(Captioned web image data)

────────

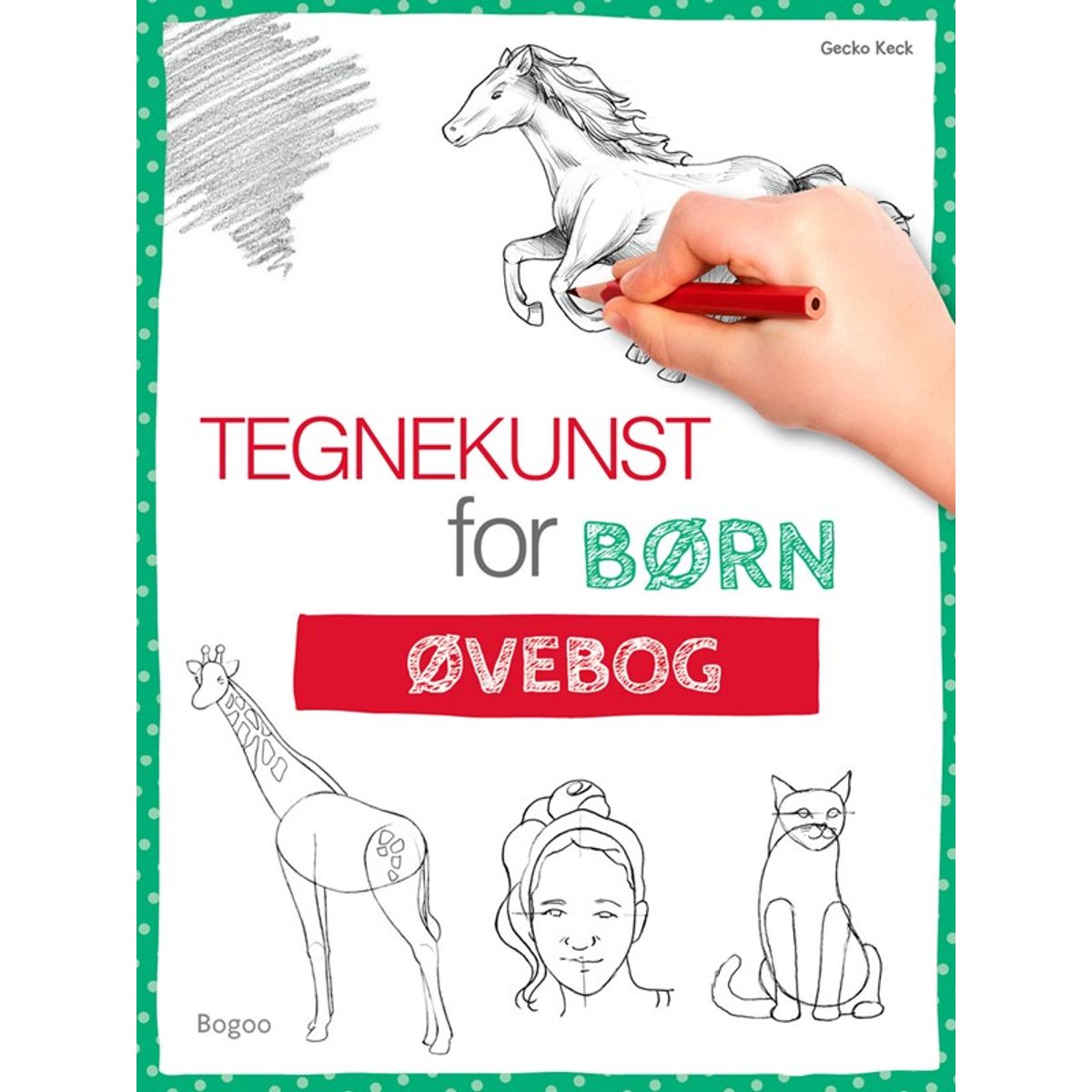 Tegnekunst for børn: Øvebog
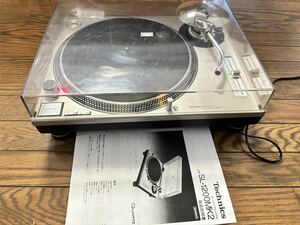 Technics SL-1200MK2 ターンテーブル　1台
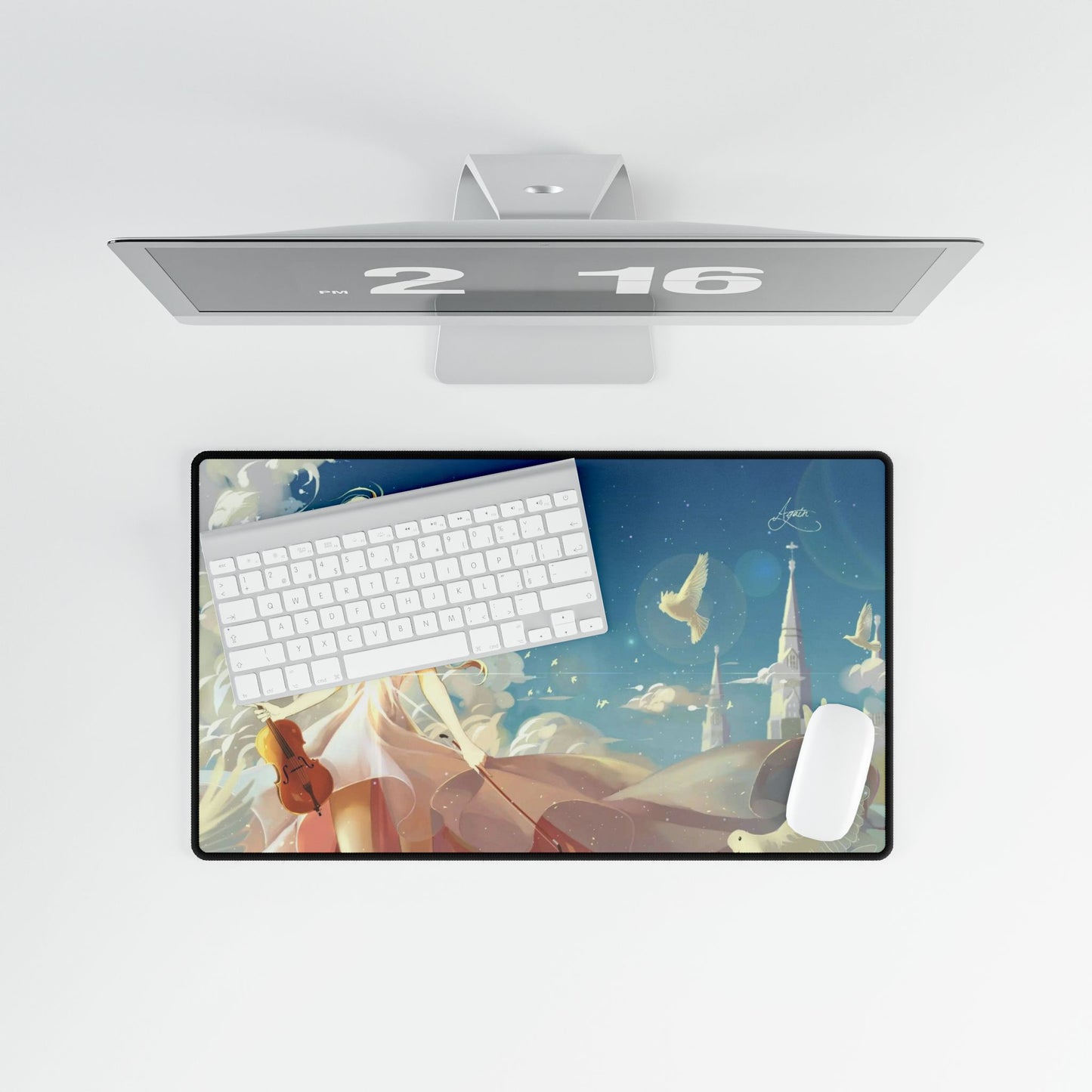 Again Mouse Pad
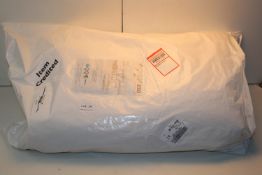 BAGGED PILLOW COLLECTION LUXE GOOSE DOWN 2PACK MEDIUM BACK SLEEPER RRP £50.00Condition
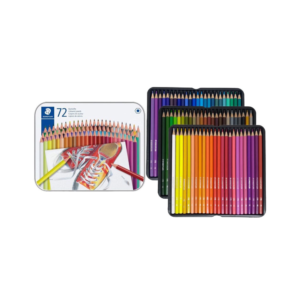 Lápis Cor Com 72 Estojo Lata - STAEDTLER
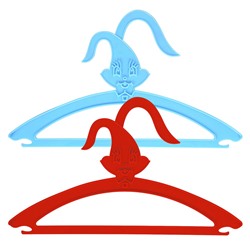 Вешалка для детской одежды "Зайка", размер 34-36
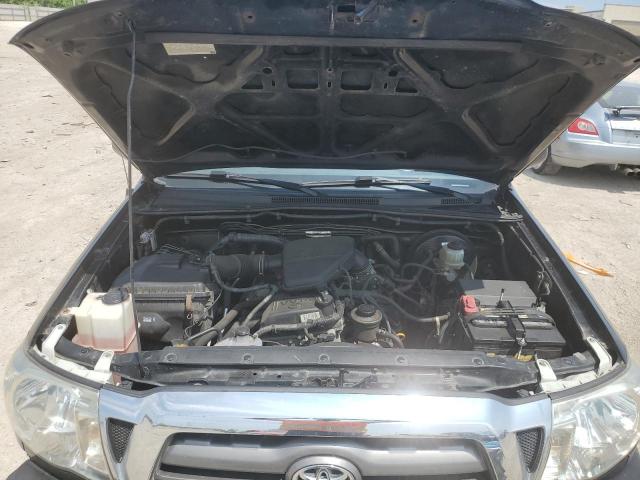 5TFTX4CNXBX004140 - 2011 TOYOTA TACOMA ACCESS CAB შავი ფოტო 11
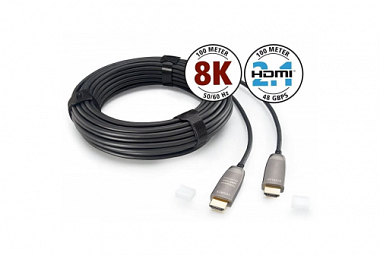 EagleCable HDMI 2.1 LWL 8 TIS | 48Gbps - 20m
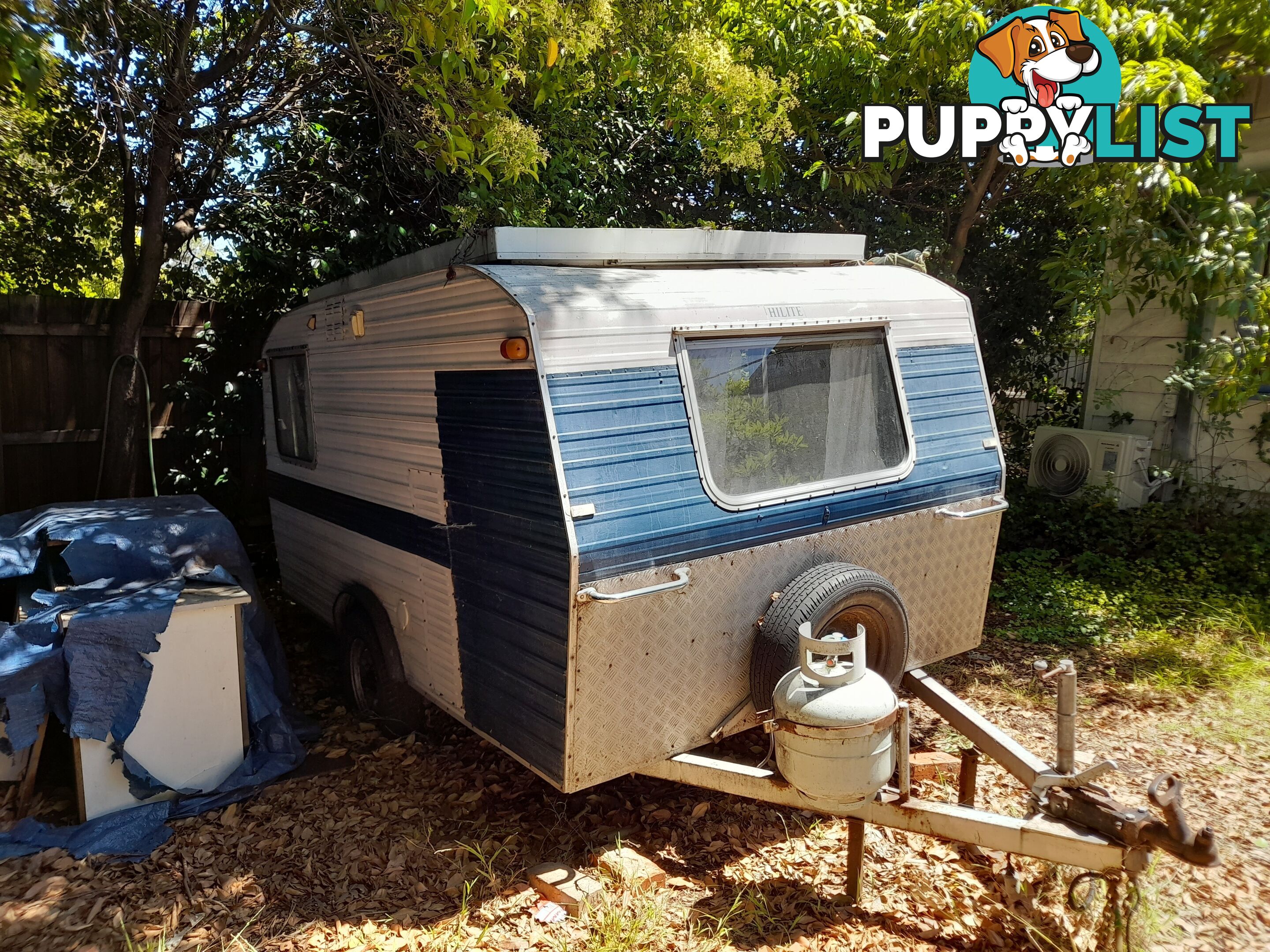 Hilltop popup retro Caravan reg to 3/26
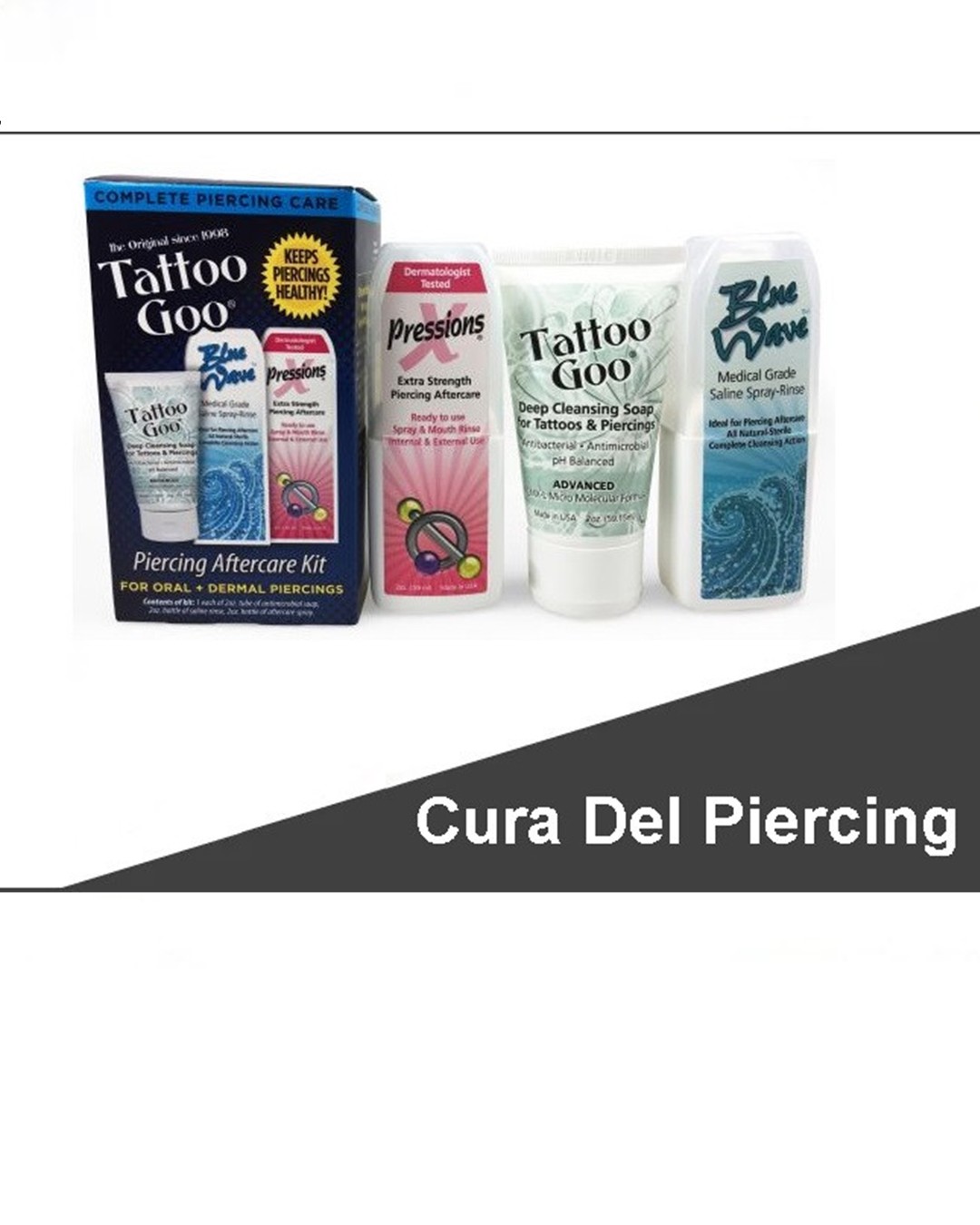 Cura Del Piercing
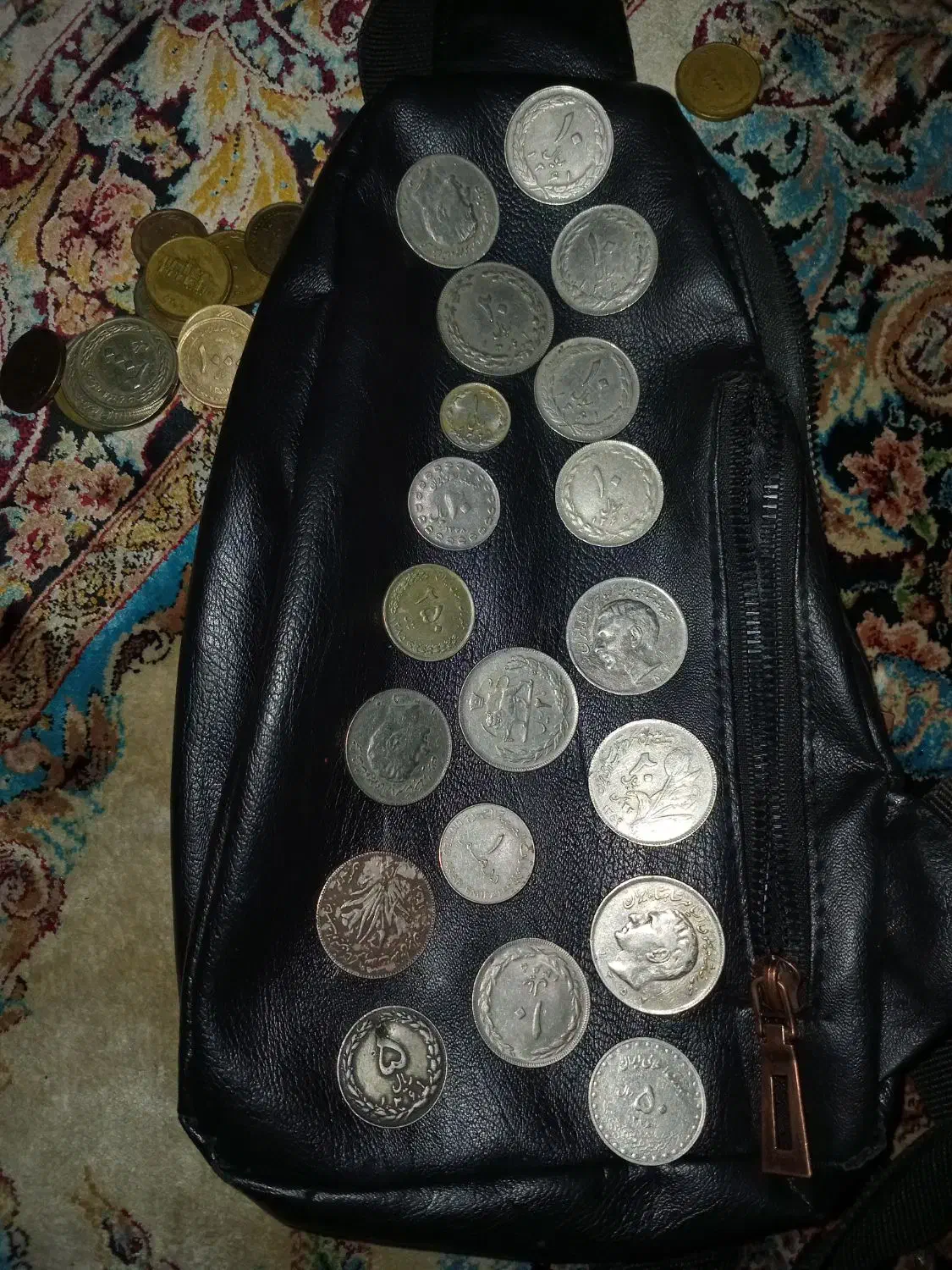 فروش سکه های کلکسیونی|کلکسیون سکه، تمبر، اسکناس|قم, حاج زینل|دیوار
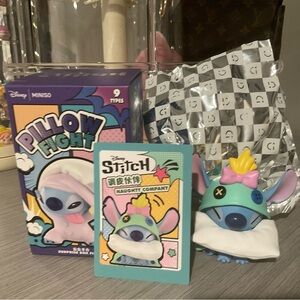 Disney/Miniso Stitch Pillow Fight - Confirmed Naughty Company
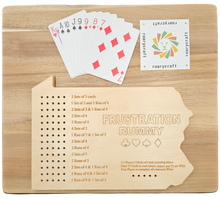 Load image into Gallery viewer, PA. Frustration Rummy Gameboard.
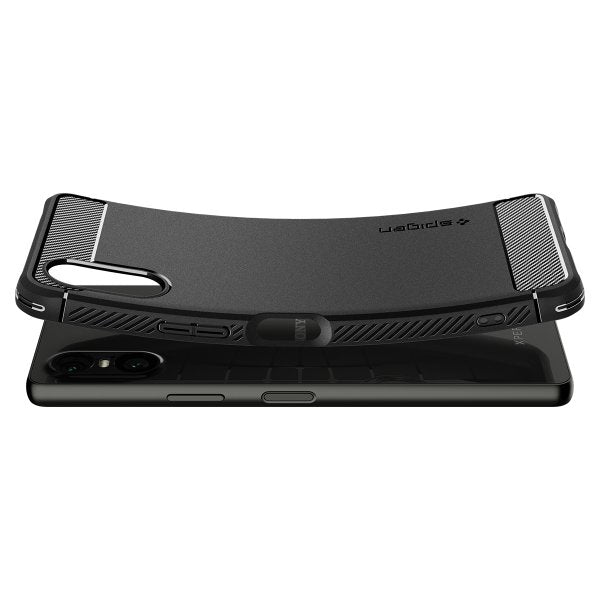 Spigen Sony Xperia 5 VI Deksel Rugged Armor Matte Black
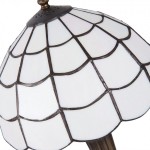 Lampa Tiffany, Ø 25x43 cm, 1x E27 / Max 40W, Clayre & Eef
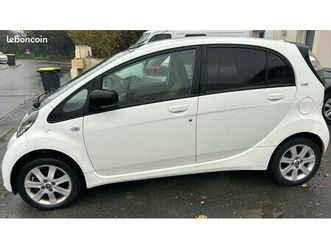 echange voiture citroen c-zréro / vélo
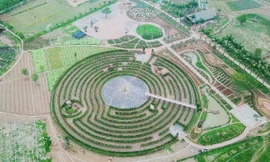 Công viên hoa hồng lớn bậc nhất Việt Nam chuẩn bị ra mắt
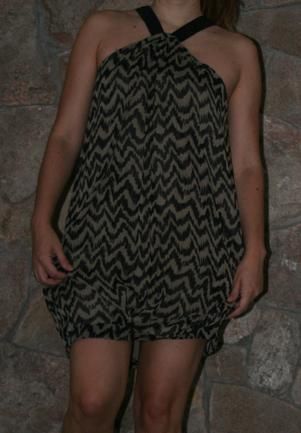 Vestido Zig Zag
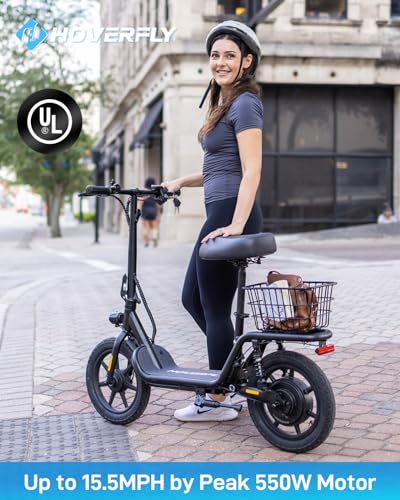 14" Electric Scooter with Seat P8389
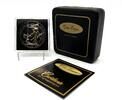 Great Britain 5 Pounds Golden Enigma BRITANNIA 1 oz Silver Coin Ruthenium Gold Plated -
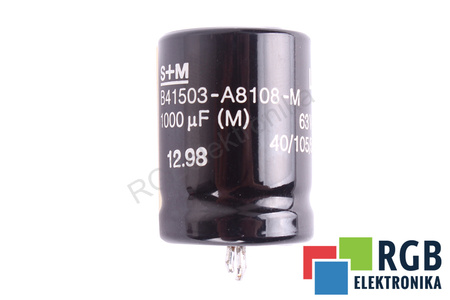 CONDENSATEUR B41503-A8108-M S+M 1000UF, 63V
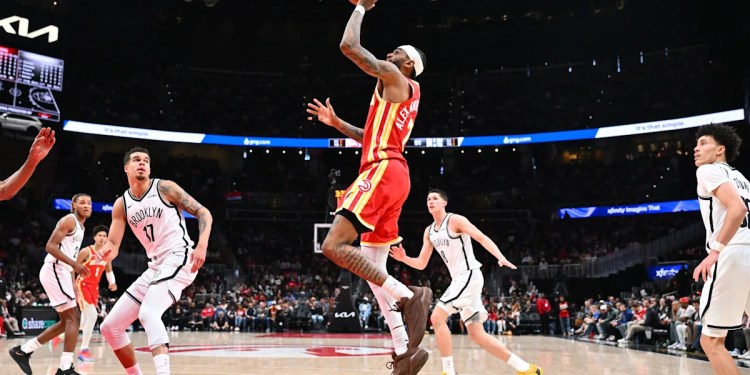 Hawks Beat Nets 115-104 After Overcoming 11-Point Deficit Hawks Beat Nets 115-104 After Overcoming 11-Point Deficit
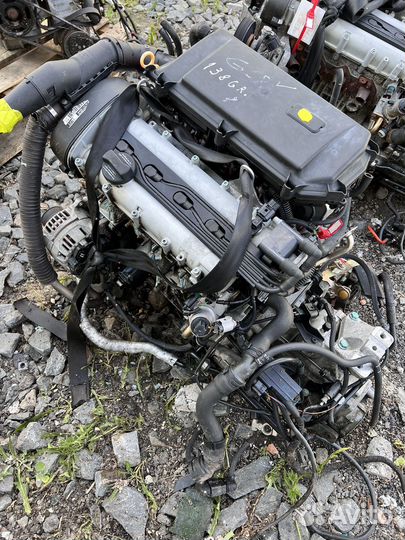 Двигатель на volkswagen golf 4 1.4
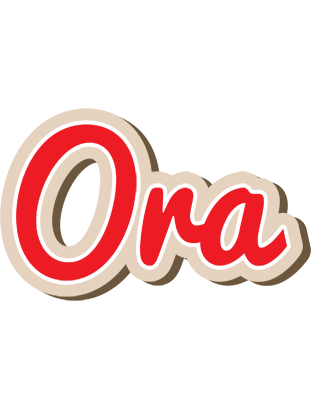 Ora chocolate logo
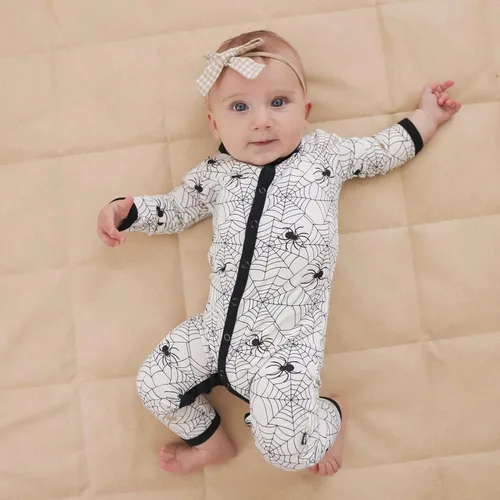 Vista 18 de KYTE BABY Mameluco suave unisex con cierre a presión, 97% rayón hecho de bambú, 3% elastano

────────

# Assignment
The lines to restate word for word run from the line that contains "CONDENSATEUR B41503-A8108-M S+M 1000UF, 63V" through the end of the entries above, both ends included. Leave out all pictures and write nothing else.

# Output for this task
 CONDENSATEUR B41503-A8108-M S+M 1000UF, 63V
 Hawks Beat Nets 115-104 After Overcoming 11-Point Deficit Hawks Beat Nets 115-104 After Overcoming 11-Point Deficit
 Двигатель на volkswagen golf 4 1.4
 Ora chocolate logo
 Vista 18 de KYTE BABY Mameluco suave unisex con cierre a presión, 97% rayón hecho de bambú, 3% elastano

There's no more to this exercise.